▶ Activity:
A precise copy of the data is required, with every picture left out.

▶ Recorded information:
------------------------------------------------------------
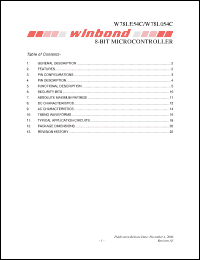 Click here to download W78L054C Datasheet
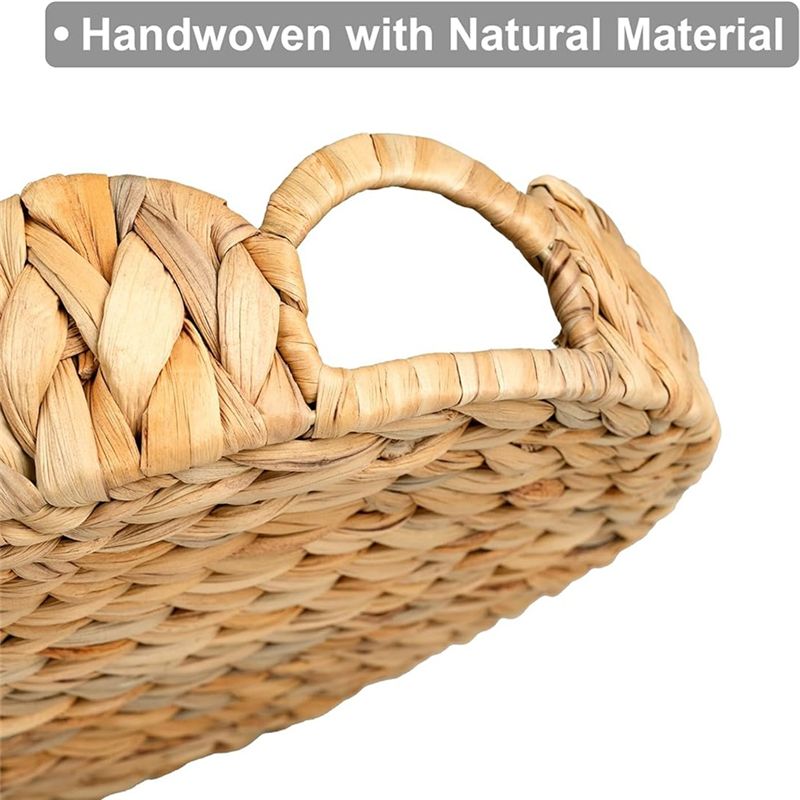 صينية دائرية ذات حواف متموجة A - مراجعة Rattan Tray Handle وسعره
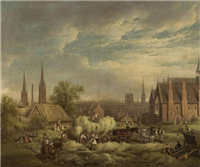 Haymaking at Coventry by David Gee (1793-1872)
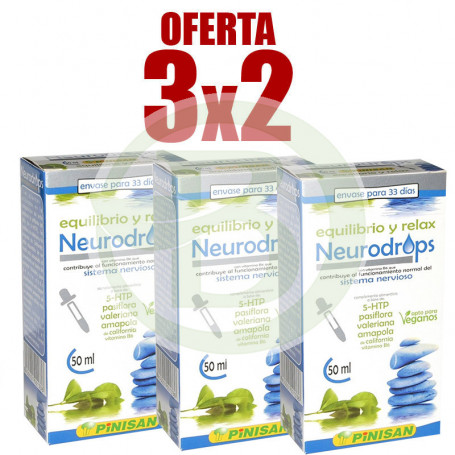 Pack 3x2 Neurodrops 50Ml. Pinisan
------------------------------------------------------------
▶ Answer section:
 Click here to download W78L054C Datasheet
 صينية دائرية ذات حواف متموجة A - مراجعة Rattan Tray Handle وسعره
 Haymaking at Coventry by David Gee (1793-1872)
 Pack 3x2 Neurodrops 50Ml. Pinisan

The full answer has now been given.